Sports

The Stadium That Becomes a Pitch

Sixteen venues across three countries had to become World Cup stadiums without a single new one being built. The 2026 conversions are a master class in designing for a building's second job.

By Maren Iso5 min read
June 29, 2026

Maren Iso, Principal, Preconstruction · Edited by Jules Whitfield

A soccer stadium scoreboard reading 90:00 at full time under stadium lights

The 2026 World Cup ran 104 matches across 16 venues in the United States, Mexico, and Canada, and here is the detail that should interest anyone who manages buildings: not one of those venues was newly built for it. Every host stadium was an existing arena — mostly NFL stadiums — retrofitted to become something it was not designed to be, then handed back afterward.

That is a construction problem disguised as a sports story, and it is a genuinely hard one. A football field and a FIFA pitch are not the same dimensions. Eight of the sixteen venues had permanent artificial turf that had to be replaced with grass. MetLife Stadium pulled 1,740 seats to widen the field. Houston installed roughly 81,000 square feet of natural grass — indoors.

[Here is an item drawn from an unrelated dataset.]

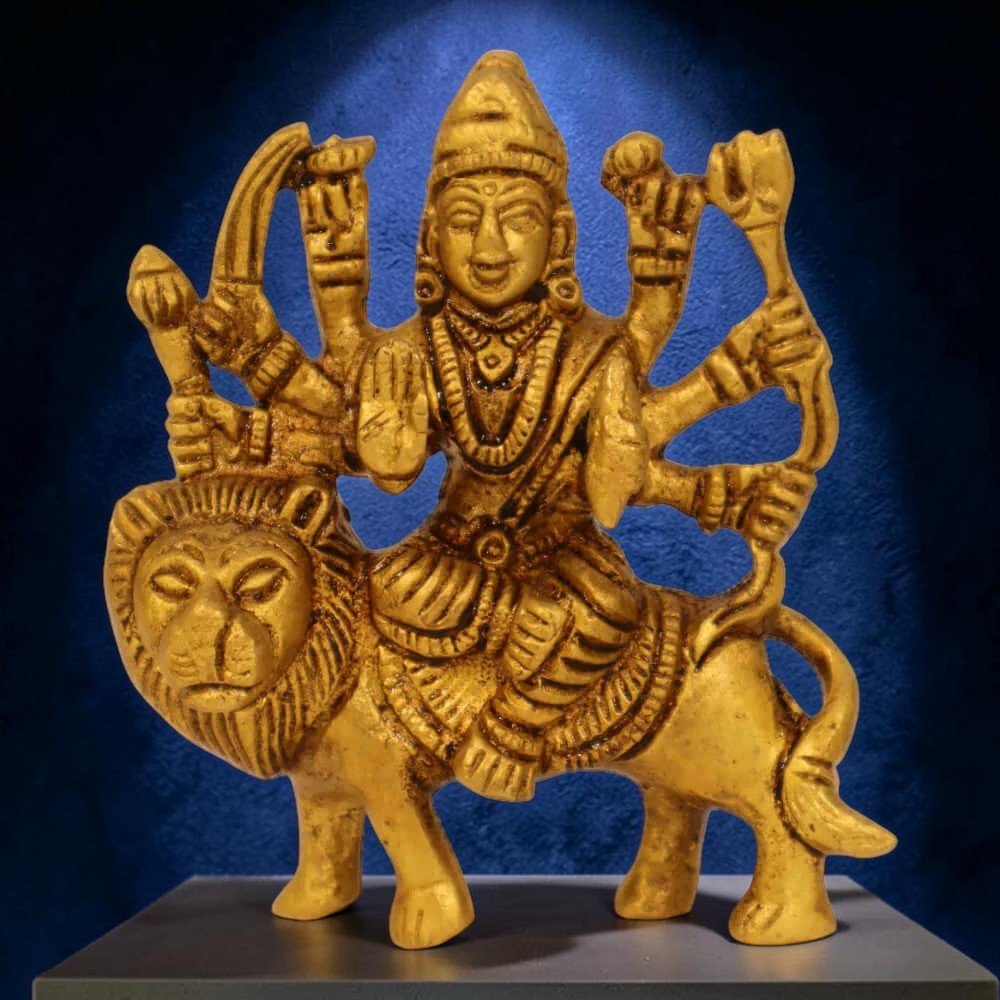 Brass Antique Finish Handmade Sherawali Mata Idol, Maa Durga on Lion - 4 Inch - Royalstuffs.com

The cost of a temporary transformation

None of this is cheap, and the spend tells you where the difficulty lives. Lumen Field ran about 19.4 million dollars covering field infrastructure, security, and transportation. Levi's Stadium had just wrapped a 200-million-dollar renovation, new video boards and sound among it. Broadcast infrastructure — fiber backbone, production compounds, commentary booths — was rebuilt at every venue to hit FIFA's global standard.

The hardest builds are not the ones that stand forever. They are the ones that have to be undone.
Maren Iso

What makes a temporary conversion harder than new construction is that it carries two constraints at once. It has to perform flawlessly for the event, and it has to be reversible afterward, because the building has a day job to return to. You are not just building — you are building something engineered to come apart cleanly. That is a different discipline, and it rewards planning over improvisation.

There is a lesson in it for the far less glamorous work most of us do: phased occupancy in an operating hospital, a school renovated over a summer, a courthouse that cannot close. The World Cup venues are the extreme case of a problem we solve constantly — how to change a building that is not allowed to stop being itself. The teams that pulled it off did it the same way we do: by deciding, early, exactly how the temporary state comes apart before they ever built it.